The School of Earth and Atmospheric Sciences Presents Dr. Ravindra Duddu, Vanderbilt University
The dynamic ice mass loss from the Antarctic and Greenland ice sheets into oceans is one of the greatest sources of uncertainty in predicting future sea level rise. The fracture and detachment of icebergs, that is, calving controls the mass loss from ice sheets, and is intricately linked to climate dynamics through processes such as hydrofracturing.
It has been hypothesized that hydrofracturing of ice shelves followed by ice cliff failure in Antarctica could contribute to rapid sea level rise over the coming centuries.
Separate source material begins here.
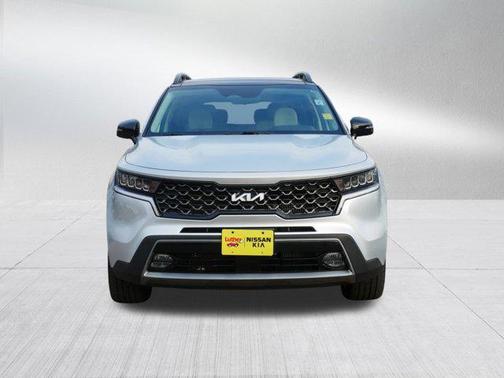 2022 Kia Sorento EX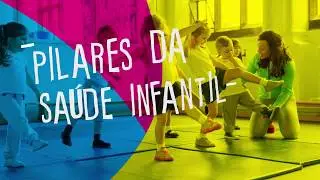 PILARES PARA SA&Uacute;DE INFANTIL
Therefore, it is important that we improve our understanding of calving and its representation in numerical ice sheet models.
In contrast to existing empirical calving models, fracture-mechanics-based models assume that calving occurs when the combination of surface and basal crevasses penetrates the entire ice thickness. These models can be classified into three groups: zero stress, linear elastic fracture mechanics (LEFM), and continuum damage mechanics (CDM) models.
In this presentation, I will present an brief overview of zero stress and LEFM calving models followed by two CDM models for brittle tensile fracture to study the propagation of air-filled and water-filled crevasses. Using idealized simulations studies on rectangular glaciers in two-dimensions (plane strain conditions), I will compare the predicted crevasse depths across different models. I will discuss the agreement between the models in relation to ice rheology, fracture process zone and basal boundary conditions.
Based on preliminary results, I will argue that floating ice shelves are more vulnerable than grounded glaciers due to the combination of meltwater-induced hydrofracture and plate bending. I will end with some remarks on the limitations of fracture-mechanics-based calving models and directions for future work, namely modeling shear failure of ice cliffs and improving parametrizations of calving in ice sheet models.
Acknowledgements: This work is funded by prior NSF grant #PLR-1341428 and a current NSF CAREER grant #PLR-1847173.